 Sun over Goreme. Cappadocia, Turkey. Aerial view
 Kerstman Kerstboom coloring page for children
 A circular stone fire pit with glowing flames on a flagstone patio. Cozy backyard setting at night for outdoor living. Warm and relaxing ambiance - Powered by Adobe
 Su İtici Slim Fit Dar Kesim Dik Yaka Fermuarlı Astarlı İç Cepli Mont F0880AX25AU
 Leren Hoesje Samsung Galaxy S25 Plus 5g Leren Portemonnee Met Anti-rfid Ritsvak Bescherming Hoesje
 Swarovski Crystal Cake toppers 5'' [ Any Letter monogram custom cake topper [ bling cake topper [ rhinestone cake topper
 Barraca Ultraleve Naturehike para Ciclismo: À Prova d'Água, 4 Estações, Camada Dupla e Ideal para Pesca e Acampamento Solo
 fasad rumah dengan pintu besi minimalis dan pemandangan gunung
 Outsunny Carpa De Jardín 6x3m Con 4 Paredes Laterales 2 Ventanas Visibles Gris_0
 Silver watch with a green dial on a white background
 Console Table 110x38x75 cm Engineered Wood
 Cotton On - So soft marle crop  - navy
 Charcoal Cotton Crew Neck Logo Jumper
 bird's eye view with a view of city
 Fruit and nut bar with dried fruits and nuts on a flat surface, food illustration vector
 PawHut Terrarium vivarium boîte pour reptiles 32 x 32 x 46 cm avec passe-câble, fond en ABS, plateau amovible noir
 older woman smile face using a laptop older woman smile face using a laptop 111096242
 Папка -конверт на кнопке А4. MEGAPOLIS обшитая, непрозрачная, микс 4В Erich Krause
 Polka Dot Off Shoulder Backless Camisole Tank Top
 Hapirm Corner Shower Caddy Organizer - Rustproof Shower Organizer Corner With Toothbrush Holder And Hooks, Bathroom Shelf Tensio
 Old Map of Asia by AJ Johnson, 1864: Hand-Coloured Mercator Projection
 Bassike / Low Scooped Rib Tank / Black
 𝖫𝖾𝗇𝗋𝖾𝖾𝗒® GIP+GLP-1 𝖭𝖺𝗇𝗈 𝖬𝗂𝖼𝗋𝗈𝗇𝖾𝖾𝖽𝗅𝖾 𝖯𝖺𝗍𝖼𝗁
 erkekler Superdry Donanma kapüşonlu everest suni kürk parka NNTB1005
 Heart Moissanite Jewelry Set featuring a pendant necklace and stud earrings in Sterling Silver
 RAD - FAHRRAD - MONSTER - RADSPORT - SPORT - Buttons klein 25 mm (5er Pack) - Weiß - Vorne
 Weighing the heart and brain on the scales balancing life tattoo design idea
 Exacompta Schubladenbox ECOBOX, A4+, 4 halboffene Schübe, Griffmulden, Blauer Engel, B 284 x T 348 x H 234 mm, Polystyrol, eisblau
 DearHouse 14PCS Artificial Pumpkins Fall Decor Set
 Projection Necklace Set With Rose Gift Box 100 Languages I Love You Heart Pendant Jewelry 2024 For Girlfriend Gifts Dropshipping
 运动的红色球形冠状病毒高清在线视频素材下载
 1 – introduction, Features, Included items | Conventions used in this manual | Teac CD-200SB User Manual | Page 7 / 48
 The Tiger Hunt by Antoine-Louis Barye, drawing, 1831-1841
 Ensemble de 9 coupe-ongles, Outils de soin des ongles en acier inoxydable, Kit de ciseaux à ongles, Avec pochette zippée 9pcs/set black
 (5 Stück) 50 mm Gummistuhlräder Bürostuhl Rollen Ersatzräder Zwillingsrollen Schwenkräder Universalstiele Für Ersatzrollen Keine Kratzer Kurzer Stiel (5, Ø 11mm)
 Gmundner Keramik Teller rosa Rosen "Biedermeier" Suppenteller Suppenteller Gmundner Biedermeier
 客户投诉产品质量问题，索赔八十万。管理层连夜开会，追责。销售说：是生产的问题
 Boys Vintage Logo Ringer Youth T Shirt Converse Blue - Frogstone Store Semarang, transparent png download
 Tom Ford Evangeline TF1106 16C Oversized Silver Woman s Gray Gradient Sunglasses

★ ★ ★ ★

■ Work instructions: Within the listing above, locate the line containing "bird's eye view with a view of city" and the line containing "The Tiger Hunt". Reproduce those two lines and all lines between them exactly, with nothing added.

■ Answer to the problem:
 bird's eye view with a view of city
 Fruit and nut bar with dried fruits and nuts on a flat surface, food illustration vector
 PawHut Terrarium vivarium boîte pour reptiles 32 x 32 x 46 cm avec passe-câble, fond en ABS, plateau amovible noir
 older woman smile face using a laptop older woman smile face using a laptop 111096242
 Папка -конверт на кнопке А4. MEGAPOLIS обшитая, непрозрачная, микс 4В Erich Krause
 Polka Dot Off Shoulder Backless Camisole Tank Top
 Hapirm Corner Shower Caddy Organizer - Rustproof Shower Organizer Corner With Toothbrush Holder And Hooks, Bathroom Shelf Tensio
 Old Map of Asia by AJ Johnson, 1864: Hand-Coloured Mercator Projection
 Bassike / Low Scooped Rib Tank / Black
 𝖫𝖾𝗇𝗋𝖾𝖾𝗒® GIP+GLP-1 𝖭𝖺𝗇𝗈 𝖬𝗂𝖼𝗋𝗈𝗇𝖾𝖾𝖽𝗅𝖾 𝖯𝖺𝗍𝖼𝗁
 erkekler Superdry Donanma kapüşonlu everest suni kürk parka NNTB1005
 Heart Moissanite Jewelry Set featuring a pendant necklace and stud earrings in Sterling Silver
 RAD - FAHRRAD - MONSTER - RADSPORT - SPORT - Buttons klein 25 mm (5er Pack) - Weiß - Vorne
 Weighing the heart and brain on the scales balancing life tattoo design idea
 Exacompta Schubladenbox ECOBOX, A4+, 4 halboffene Schübe, Griffmulden, Blauer Engel, B 284 x T 348 x H 234 mm, Polystyrol, eisblau
 DearHouse 14PCS Artificial Pumpkins Fall Decor Set
 Projection Necklace Set With Rose Gift Box 100 Languages I Love You Heart Pendant Jewelry 2024 For Girlfriend Gifts Dropshipping
 运动的红色球形冠状病毒高清在线视频素材下载
 1 – introduction, Features, Included items | Conventions used in this manual | Teac CD-200SB User Manual | Page 7 / 48
 The Tiger Hunt by Antoine-Louis Barye, drawing, 1831-1841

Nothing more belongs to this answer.